I'm more interested in, "how much muscle did Ceratopsians have for chomping with those impressive beaks?" They are big enough for impressive bacterium-assisted digestion of woody, or at least very fibrous, plants. The gaunt, beaky reconstructions that I usually see would scarcely dent a nice cycad trunk.

Also, is it possible that the crest itself anchored some muscle?

Monado, the lower margins of the parietal fenestrae probably anchored the jaw muscles, but I doubt the entire fenestrae did--too vulnerable to injury, intraspecific and otherwise. And ceratopsians had very strong jaws. Once they got the food between their choppy teeth, there was no escape.

But here's a question for you (and anyone else): with its solid frill, where did Triceratops connects its jaw muscles?

@ Monado: fat cheeks are irrelevant to suckling, see newborn chimps, orangs, preemies without fat.

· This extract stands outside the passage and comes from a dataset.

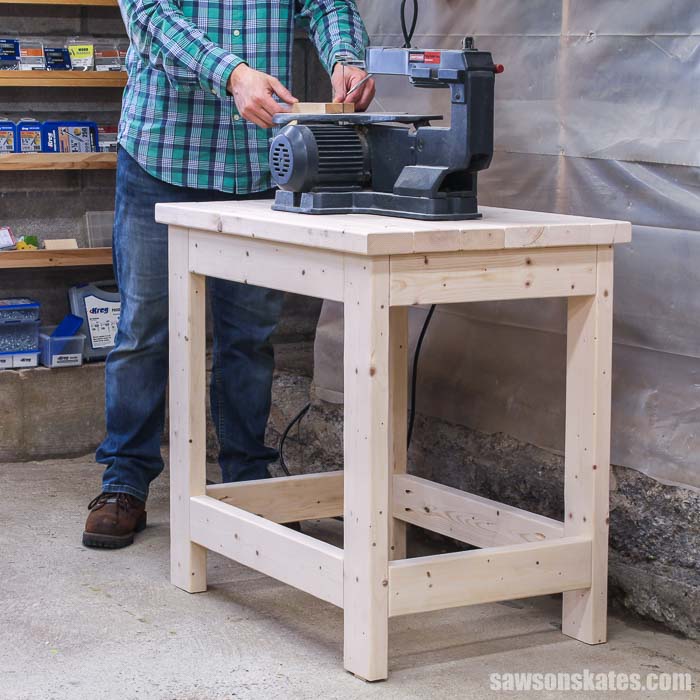 Using a scroll saw on top of a small DIY power tool stand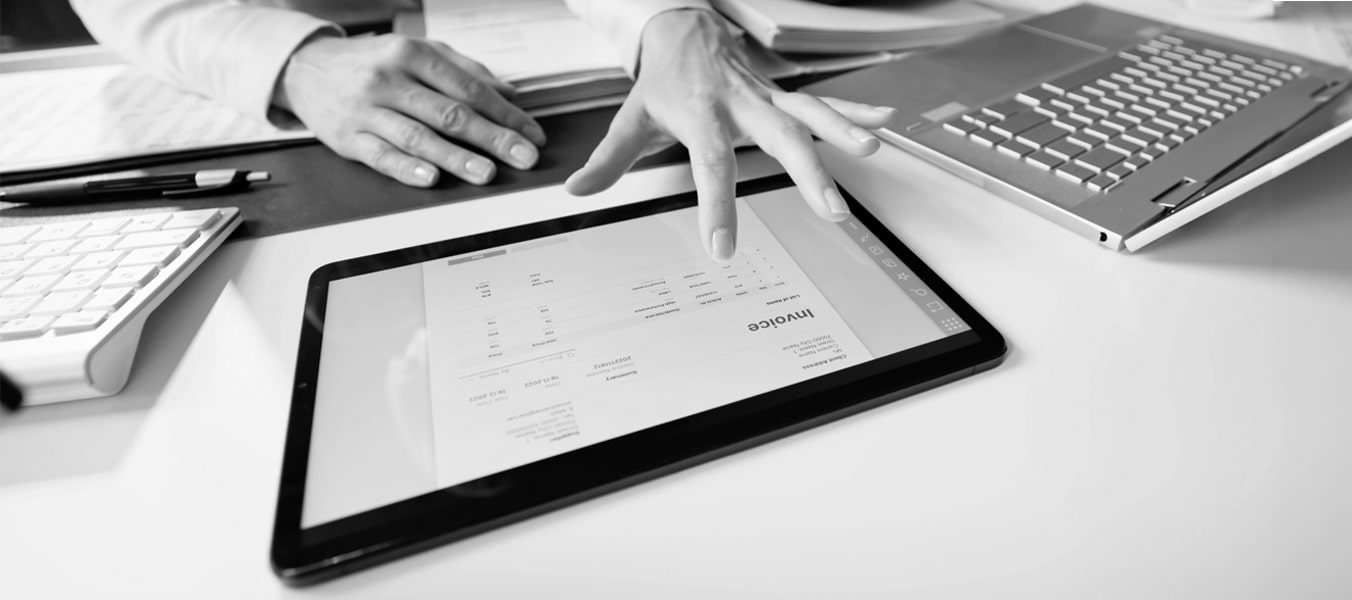 Business owner checking an invoice on his tablet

Mouth (cheek), neck and pentadactyle digit webbing are all primitive, not talking of fat or muscle, just skin webbing. Maybe turtles and iguanas lost the cheeks due to fast biting underwater without suction, others with suction retain cheeks or balleen or so.

@DM: Cheeks.

... "But here's a question for you (and anyone else): with its solid frill, where did Triceratops connects its jaw muscles?"

the same place that other sauropsid taxa that don't have dorsal temporal fenestra do... on the ventral surface of the parietal...

Whoa...de ja vu big time right now. I feel like I've had this conversation before.